We don’t need scientific proof and scientific arguments, what we need is to learn to accept common sense as a basis for morality and moral judgment in Animal Rights issues as much as we accept our basic common sense to be enough when we talk about each other or internal human concerns.


Vegan for justice

Not the plain awareness that “eating meat is wrong”, but a growing sense of justice makes veganism so attractive to people I think.

Ok this is a fine line, but I believe what makes people want to turn vegan now, is not that “by chances” they have been informed about the atrocities going on in farms and slaughterhouses and that more or less right away turns them into vegetarians and/or vegans. I think it’s rather the growing sense of justice as far as nonhuman animals are concerned and the human relationship towards them, that makes people get the “click” of becoming a vegan.

People find it easier to stand for what they feel and think today, in regards to nonhuman animals.

In the past when you thought it was wrong to eat “meat”, etc. the pressure around a person living in a homocentrist society was so strong that someone was confronted with so many more obstacles than the obstacles a persons meets today in most or at least many contexts and places.

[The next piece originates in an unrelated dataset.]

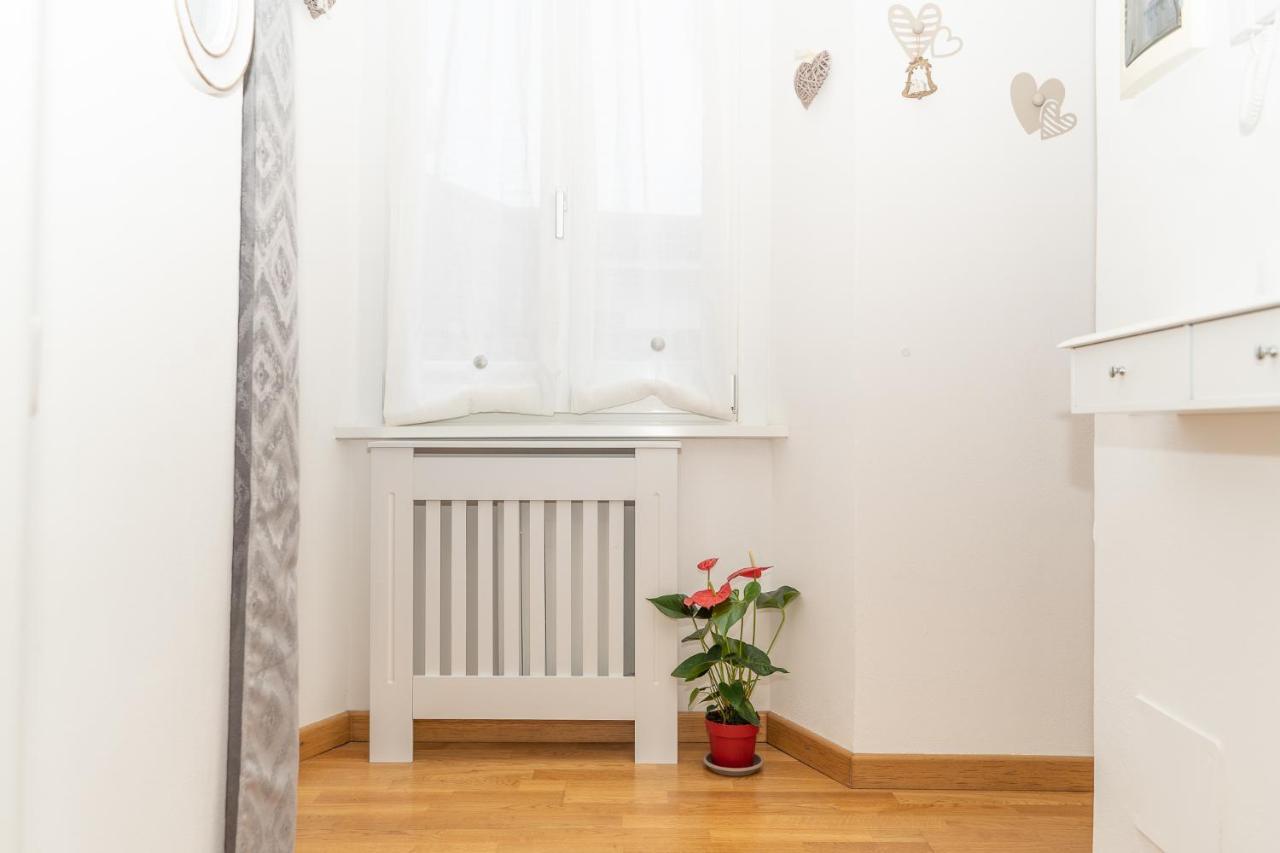 Portatorre Suite, A Charming Apartment In The Heart Of Como, Free Private Parking, Air Conditioning & More! 外观 照片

The danger of thinking that solely information would almost automatically create a more enlightened and thus hopefully compassionate people all around us, lays in the often overlooked point that many meat eaters and hunters, for example, etc., are acting fully knowing what they are doing and endorsing their fully aware chosen stances publicly wherever they can as individuals “having something to do with the issue” (they feel being asked for their warped views, so much, I think). The same fanaticism about a practiced carnism and speciesism also goes for some people in the field of arts it has to be noted – a professional field that is in much danger of acting on an ideological plane in society anyway and speciesist art is a sad fact that is often being ignored way too much ( speciesism in art : ).

What I think is important, is that we don’t underestimate the will and the power of the individual person and society overall to foster a sense of justice in each other once the ice is broken that sealed (one could say) “the lips of humanity” in the past.

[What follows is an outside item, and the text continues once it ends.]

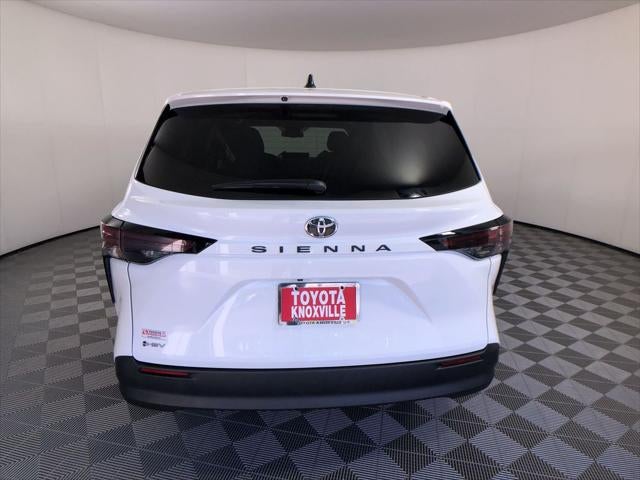 2026 Toyota Sienna LE 8 Passenger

the “personal choice” debate and homocentrism

As much as I like the cons of the article:

I find the “pros” partly a bit superficially treated.

Point 1. homocentrists and speciesist don’t care really wheather it’s “unnecessary” today to eat flesh. It’s about sacrificing life. Like “my human life is worth more than … “.

Point 2. Again, underlying mechanisms in society are overlooked when we hold back in as much that veganism (or rather not wanting to take part in animal murder in any form) is solely a choice of personal decision. The part of neseccisty on the side of “what human rights lose in a speciesist society” would need to be addressed for instance.

Point 3. It needs to be explained why a nonhuman animal victim isn’t even considered a victim by a speciesist or homocentrist respectively. “No being who prides himself on rationality can continue to support such behaviour.” Exactly that is the problem, they say that just because they are “rational” they are allowed to kill for their taste buds, etc.

Point 4. The destructivity of meat eating has the speciality that it does not care that it destroys the earth AND other humans (partly direclty) too … . To believe in the false cloak of a “humanity” that bases itself on speciesism and homocentrism, means to fall for a dangerous contractualism:

I don’t buy that people really in a basic sense accept even other humans rights. They don’t even accept my human right for example that I consider nonhuman animals to be rights holders as personalities too. So to believe that a person basically has a sense for “rights” but only applies it to her or his group seems wrong to me, BECAUSE this would be ONLY a contractualism, but with the claim for animal rights we are looking for the basic, fundamental rights to life, and earth-/ independent environmental rights, etc.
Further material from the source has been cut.